From 2015 until April of this year, the hard-left parliamentarian Jeremy Corbyn—a man who called Hamas and Hizballah his friends, was possessed by an obsessive hatred of Israel, and who more than once veered into expressions of undisguised contempt for Jews—led the UK’s Labor party. Britain’s Equality and Human Rights Commission (EHRC) yesterday released its long-awaited, and damning, report on the party’s anti-Semitism, which flourished in the rank-and-file under Corbyn’s watch. Corbyn naturally dismissed the report by downplaying the issue, and blamed those who complained of anti-Semitism as the true problem. For this reaction, the current Labor leadership promptly suspended him.
David Hirsh analyzes these developments in light of what he terms “the Livingstone formulation,” after the former London mayor Ken Livingstone, one of the most egregious members of the Corbynite left:
I first named the Livingstone formulation in 2006 after Livingstone’s bizarre spat with a Jewish journalist, whom he accused of being like a Nazi. Instead of apologizing, Livingstone came back with the aggressive counteraccusation against those who said his late-night ranting had been anti-Semitic: “For far too long, the accusation of anti-Semitism has been used against anyone who is critical of the politics of the Israeli government, as I have been.”
The Livingstone principle [thus] says: if Jews complain about anti-Semitism on the left, then you should begin by assuming that they are making it up to silence criticism of Israel or to smear the left.
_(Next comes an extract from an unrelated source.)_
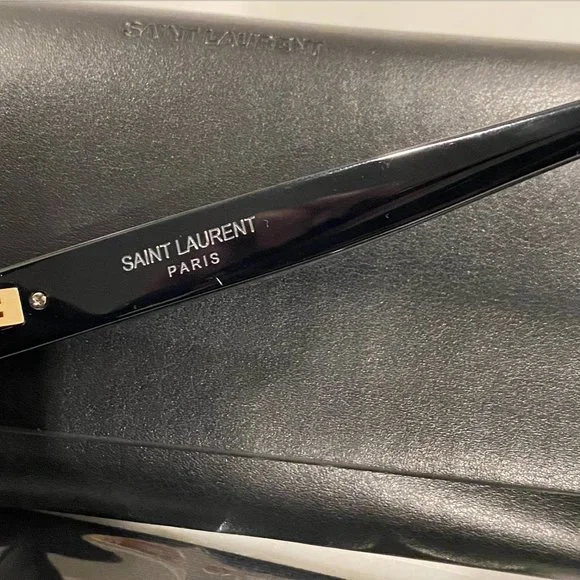 YSL Saint Laurent SL M106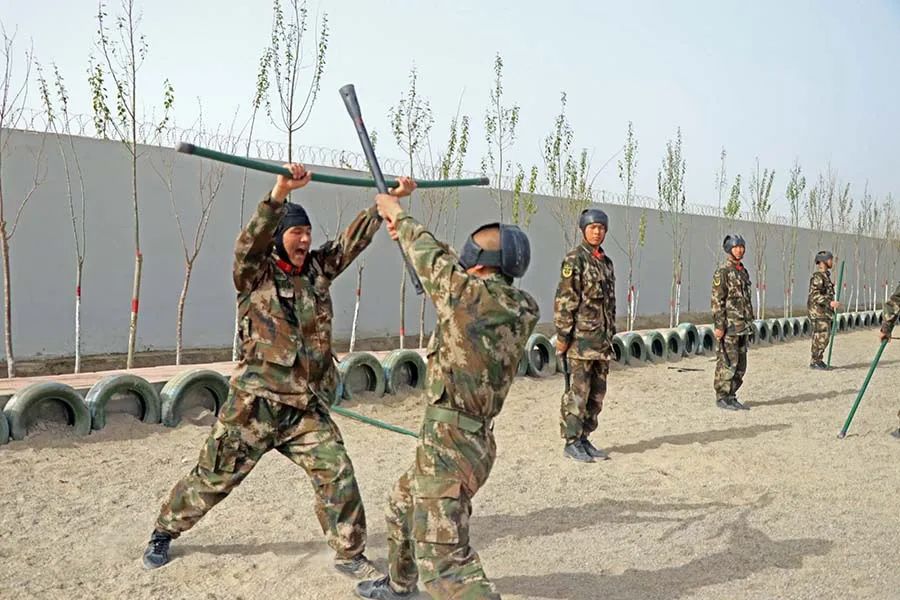 这场同年兵间的较量，已呈胶着状态……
It is an anti-Semitic conspiratorial fantasy because it doesn’t just say that Jews sometimes get it wrong, but that they know full well they’re wrong and they say it anyway to increase their power. The Livingstone formulation is the key mode of anti-Semitic bullying mobilized against Jews on the left. It treats Jews as alien to the left and treasonous.
Huge responsibility for Labor anti-Semitism must be borne by those who did not share the crank politics but who nevertheless allowed them to take the leadership of the party. There are the layers of activists, politicians, and intellectuals who think that anti-Semitic politics was radical Communist chic; then those who think it was really all about Palestine; and those who though [Labor members] should rally around the leadership; and those who thought the Zionists were just as bad [as anti-Semites]; and those who thought we should all get along; those who were afraid to get into the fight; those who wanted to keep their jobs and their influence; . . . and those who don’t really think Corbyn was anti-Semitic but now believe that Labor won’t have a chance if it doesn’t keep the Jews happy.